Setting up a cluster of computers used to be a high-end trick used in big data centers and labs. After all, buying a bunch of, say, VAX computers runs into money pretty quickly (not even counting the operating expense). Today, though, most of us have a slew of Raspberry Pi computers.
Because the Pi runs Linux (or, at least, can run Linux), there are a wealth of tools out there for doing just about anything. The trick is figuring out how to install it. Clustering several Linux boxes isn’t necessarily difficult, but it does take a lot of work unless you use a special tool. One of those tools is Docker, particularly Docker Swarm Mode. [Alex Ellis] has a good video (see below) showing the details of a 28 CPU cluster.
It is easy to set up a swarm using the instructions on the Docker website. If you aren’t familiar with Docker, it is almost (but not quite) a light-weight virtual machine manager. A true virtual machine manager pretends to be a piece of hardware so that Linux (or another operating system) can boot on it and run applications. Docker is a container manager, which means it doesn’t pretend to be a piece of hardware, it pretends to be a running operating system. Programs see their own file system and other resources, but in reality, there is only one kernel running on the host hardware.
The idea is similar to running something in a chroot jail. The program can make changes to its file system without upsetting the rest of the system. Docker also provides other kinds of isolation. The real draw, though, is that it can automatically load images of predefined environments. This allows developers to provide packages that are essentially preinstalled in their own private operating system.
That’s important because it means that a service can run on any node in a cluster. That lets you do tricks like balancing load across multiple nodes. You can also do rolling updates and dynamically add or remove computers from the cluster.
We’ve seen clusters before, of course. Even the little Pi Zero can get in on the act. If you want to understand more about Docker, you can always read the official documentation. Given the prevalence of Linux in embedded systems, it might be an interesting way to deploy preconfigured applications.
Here come the Raspberry Pi Cluster Haters™, I can here them tripping over the rug in a rush to comment.
I know almost nothing about this topic, so I have my popcorn ready.

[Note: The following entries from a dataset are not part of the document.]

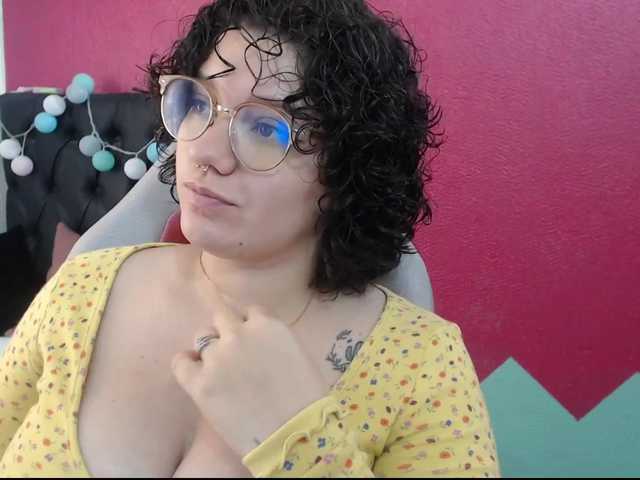 Фотографије Angijackson_ I really like to see you on camera and see how you enjoy it for me, I want to see how your cum comes out for meMake me feel like a queen and you will be my kingFav vibs 44, 88 and 111 Make me squirt rigth now for 654 tkns.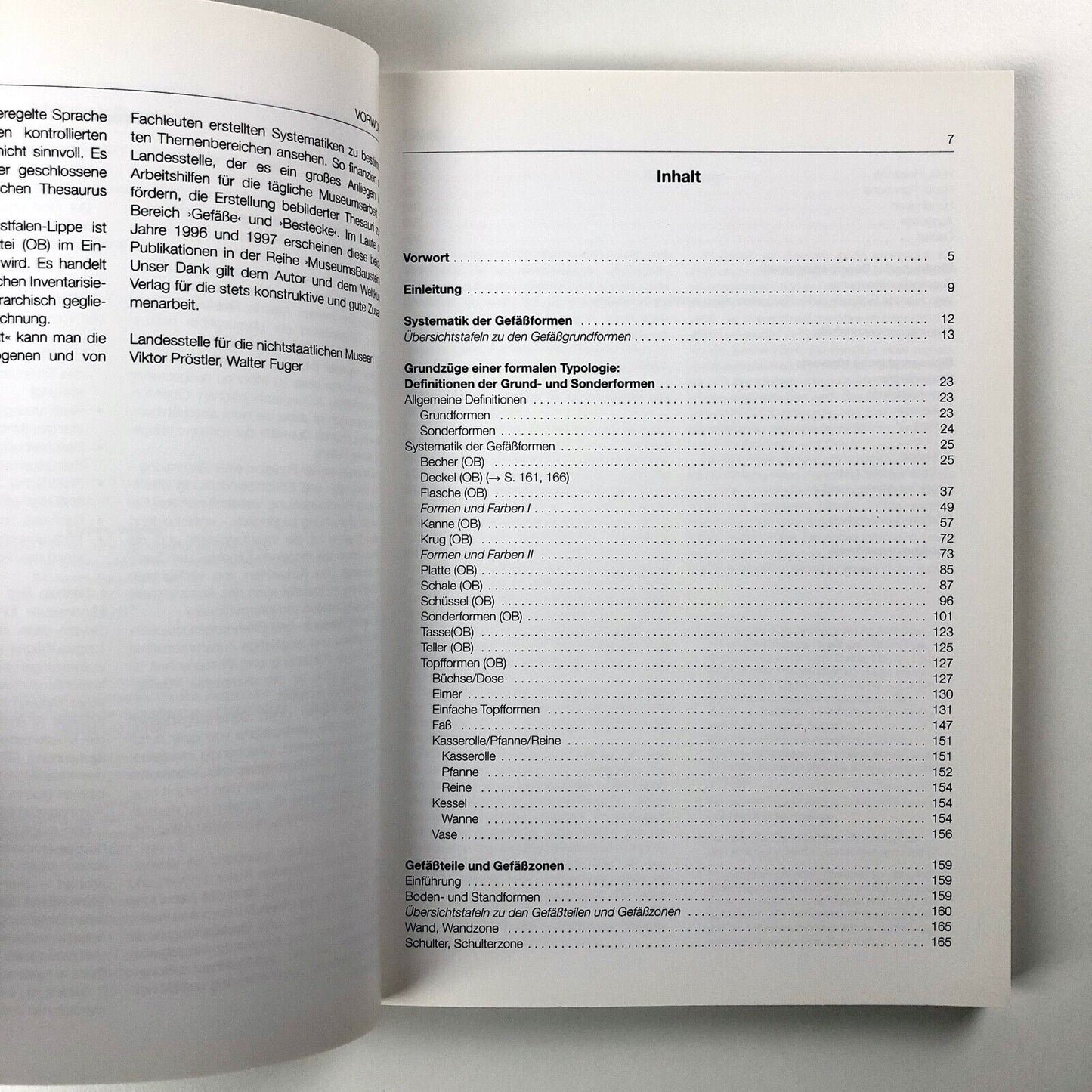 Gefäße und Formen, Eine Typologie für Museen und Sammlungen | Werner Endres | 1996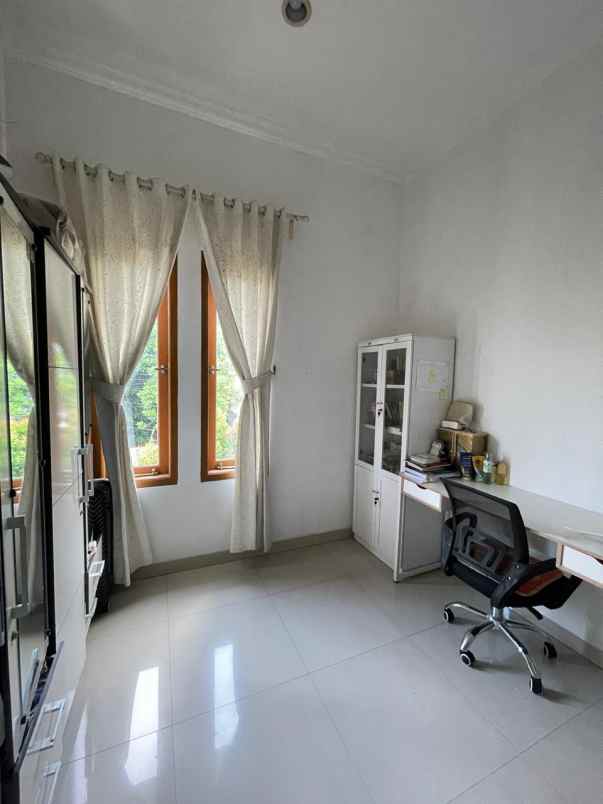dijual rumah kebagusan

This is a Raspberry-Pi-Cluster something.
Perhaps, in the interests of decency, we should simply leave it there.
I do a deep dive on the RPi Docker Swarm along with all the details over at http://blog.alexellis.io/live-deep-dive-pi-swarm/
Really interested in the comments on this one. Thinking of starting to acquire some pi zeros to let me run a “simulated” production setup and do some experiments with horizontal scalability.
Provided I can get all the software running of course. Out of curiosity does the load balancing mentioned above assume you’re working with a largely homogeneous set of services and just mirrors what’s there? Or can it offload a single process to its own underlying machine?
The load balancing in swarm mode works by creating a service and deciding how many replicas to have. Each replica (or task) gets a round-robin distribution of work. The neat thing is that if you publish a service on port 3000 – you can point to any node and request port 3000 and the swarm will route and balance for you. More @ https://docs.docker.com/engine/swarm/
Using containers, you don’t actually need separate physical hardware. lxc(not familiar with Docker internals, but likely the same) allows you to split up a single NIC into an arbitrary number of virtual network cards. You can run a set of services on a single host, each with it’s own independent RAM, file system, CPU, and networking.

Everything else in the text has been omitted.